■ **Collected data**
★ ★ ★ ★ ★

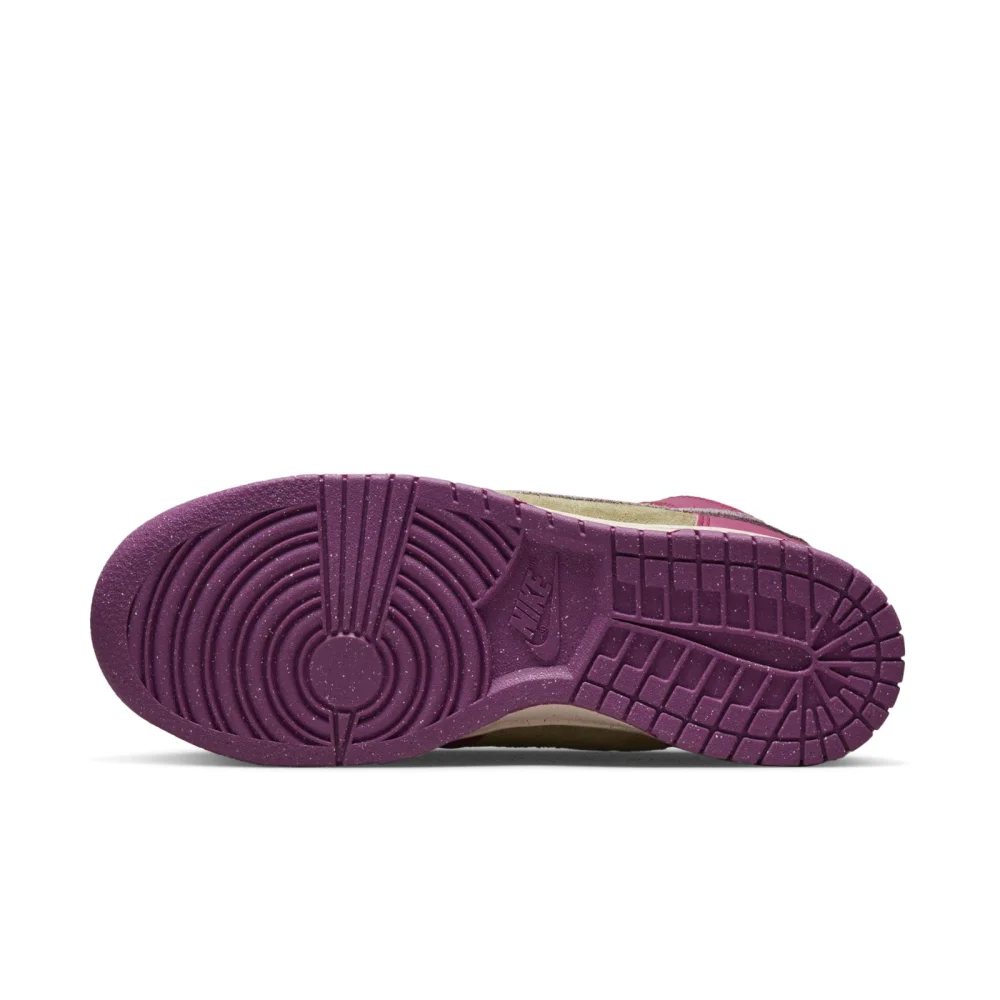 Nike Dunk WMNS High FB1273-500 / lila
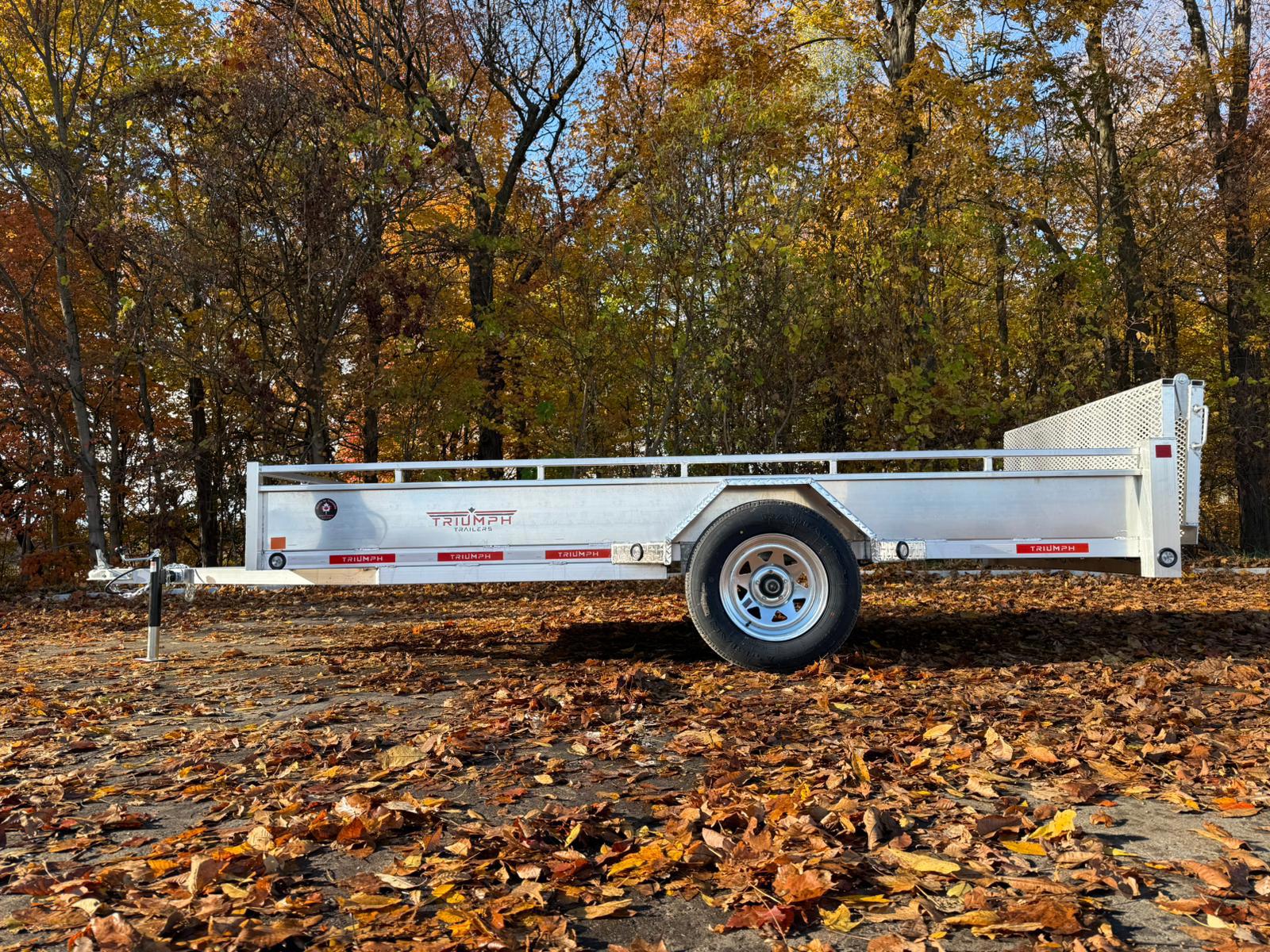 New 2026 TRIUMPH TRAILERS ALUMINUM UTILITY - Image 4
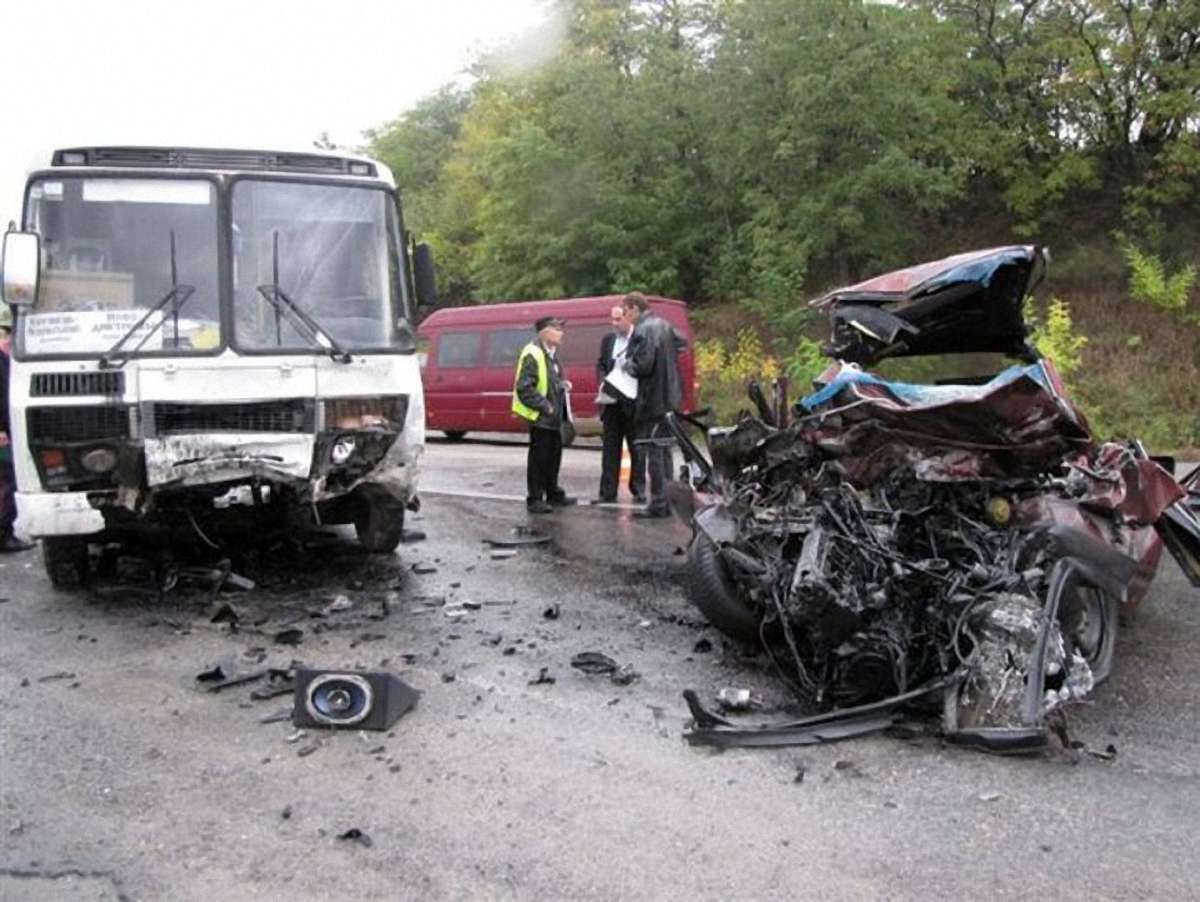 На Хмельниччині рейсовий автобус зіткнувся з Аudi: є загиблі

★ ★ ★ ★ ★

■ **Task goal**
What you return should be only the lines from the line with "New 2026 TRIUMPH" through the last line of the listing above, exactly, both ends included, pictures excluded.

■ **Solution below**
 New 2026 TRIUMPH TRAILERS ALUMINUM UTILITY - Image 4
 На Хмельниччині рейсовий автобус зіткнувся з Аudi: є загиблі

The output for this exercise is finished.